Exercise objective
Please set down the data again exactly, minus the pictures.

Data below
<<<<

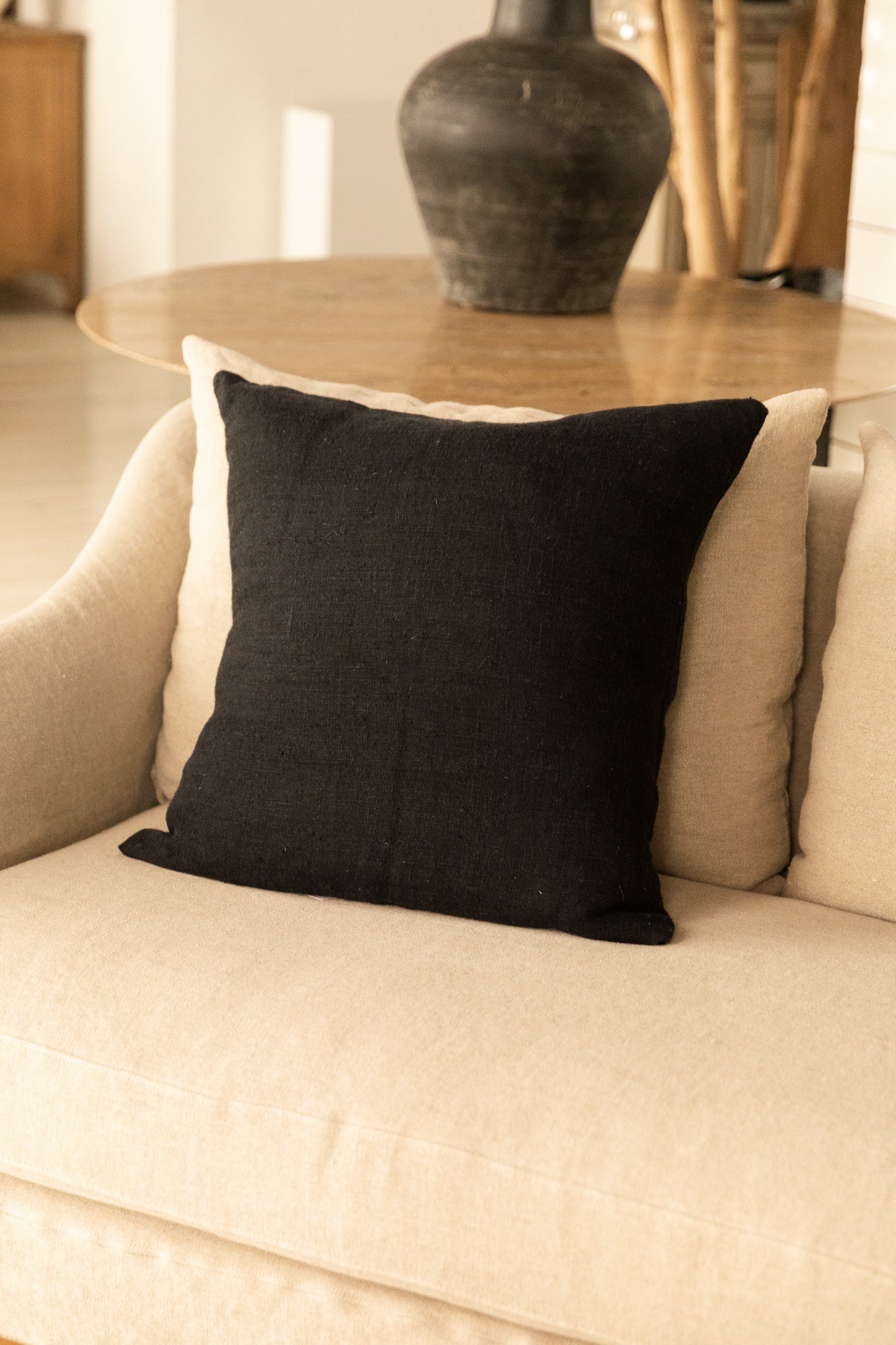 FUNDA DE COJÍN FORMENTERA ENVELOPE NEGRO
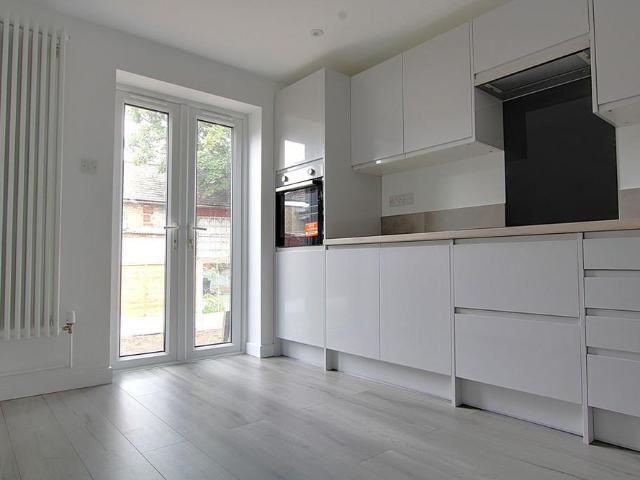 3 bedroom semi detached bungalow to rent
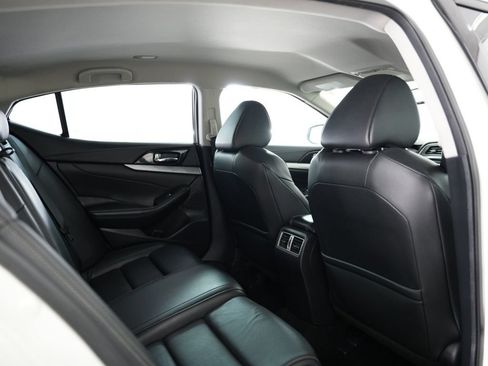 Used 2016 Nissan Maxima 3.5 SV FWD image 41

>>>>

Response to the exercise
 FUNDA DE COJÍN FORMENTERA ENVELOPE NEGRO
 3 bedroom semi detached bungalow to rent
 Used 2016 Nissan Maxima 3.5 SV FWD image 41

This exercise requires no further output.